Extremists are becoming more insidious, more innovative and more determined to inflict harm, through whatever means possible and their twisted and evil ideology means that individuals are using the internet of course to disseminate propaganda and manipulate and radicalise young people in Western nations. As ISIS has crumbled in the Middle East, they have increasingly become reliant on the internet and the spread of their ideology.
There have been five terror attacks in Australia since the national terrorism threat level was raised to PROBABLE in September of 2014. One of these attacks, as the Commissioner pointed out before, involved an incident here in Victoria where two police officers; a Victorian Police officer and an Australian Federal Police officer were injured. I want to commend those officers and the officers in the subsequent attack that were injured where the offender fortunately was killed.

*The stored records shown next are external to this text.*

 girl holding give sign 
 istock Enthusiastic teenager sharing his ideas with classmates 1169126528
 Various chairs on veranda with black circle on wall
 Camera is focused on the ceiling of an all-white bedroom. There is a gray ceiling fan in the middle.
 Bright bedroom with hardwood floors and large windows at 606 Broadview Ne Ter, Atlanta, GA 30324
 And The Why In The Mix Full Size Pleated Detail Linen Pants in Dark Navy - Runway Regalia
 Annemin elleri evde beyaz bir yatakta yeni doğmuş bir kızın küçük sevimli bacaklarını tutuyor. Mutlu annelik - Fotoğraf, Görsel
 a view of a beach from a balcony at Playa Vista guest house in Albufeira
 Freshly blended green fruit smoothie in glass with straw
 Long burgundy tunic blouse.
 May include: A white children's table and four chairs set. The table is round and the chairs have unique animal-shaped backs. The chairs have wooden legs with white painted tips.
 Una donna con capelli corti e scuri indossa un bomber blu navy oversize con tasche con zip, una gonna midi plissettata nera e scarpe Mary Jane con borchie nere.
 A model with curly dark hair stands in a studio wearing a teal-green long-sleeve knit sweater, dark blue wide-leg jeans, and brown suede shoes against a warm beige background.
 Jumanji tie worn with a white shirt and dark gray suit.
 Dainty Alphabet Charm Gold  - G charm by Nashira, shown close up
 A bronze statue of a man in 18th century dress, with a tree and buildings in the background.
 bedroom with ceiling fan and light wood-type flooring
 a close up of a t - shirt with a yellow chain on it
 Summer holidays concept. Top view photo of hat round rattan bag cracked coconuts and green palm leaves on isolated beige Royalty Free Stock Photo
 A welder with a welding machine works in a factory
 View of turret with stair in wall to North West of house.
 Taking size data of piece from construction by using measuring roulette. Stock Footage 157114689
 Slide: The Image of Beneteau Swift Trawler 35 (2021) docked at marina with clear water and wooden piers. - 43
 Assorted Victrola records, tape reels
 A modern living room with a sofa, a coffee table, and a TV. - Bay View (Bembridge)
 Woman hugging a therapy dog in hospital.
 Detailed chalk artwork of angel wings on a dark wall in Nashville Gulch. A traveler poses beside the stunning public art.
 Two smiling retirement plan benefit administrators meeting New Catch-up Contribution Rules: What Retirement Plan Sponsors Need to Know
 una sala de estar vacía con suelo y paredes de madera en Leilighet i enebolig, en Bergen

They represent the brave men and women who are part of your organisations, not just here, but around the world and I wanted most importantly today to pay tribute to those, particularly those that have gone into the line of fire, that have provided support to innocent men, women and children that otherwise would have died at the hands of these terrorists.
I want to acknowledge the presence here today of Superintendent Ross McNeil and Inspector Randy Anderson, two Victorian Police officers on the front line who provide the leadership in their organisation, as many do around the world, here today, but they are significant players in Victoria and they represent the great skill that organisations bring to this very real threat.
Across Australia, since 2014, 35 counter-terrorism operations have resulted in 80 individuals being charged. There are currently 42 individuals before the courts for terrorism related offenses, and shockingly we know that five of those are juveniles.
Radicalisation has seen foreign fighters pose a significant problem for our nation and for yours and in the last five years around 220 Australian passports have been cancelled or refused in relation to the conflict in Syria and Iraq. Around 40 foreign fighters have returned to Australia after travelling to the Middle East and joining groups involved in the conflict.
In July this year agencies here in Australia, with assistance from their foreign partners, thwarted an attempt to smuggle a device onto an international flight out of Sydney. The consequences would obviously have been catastrophic, but for the efforts of the officers involved.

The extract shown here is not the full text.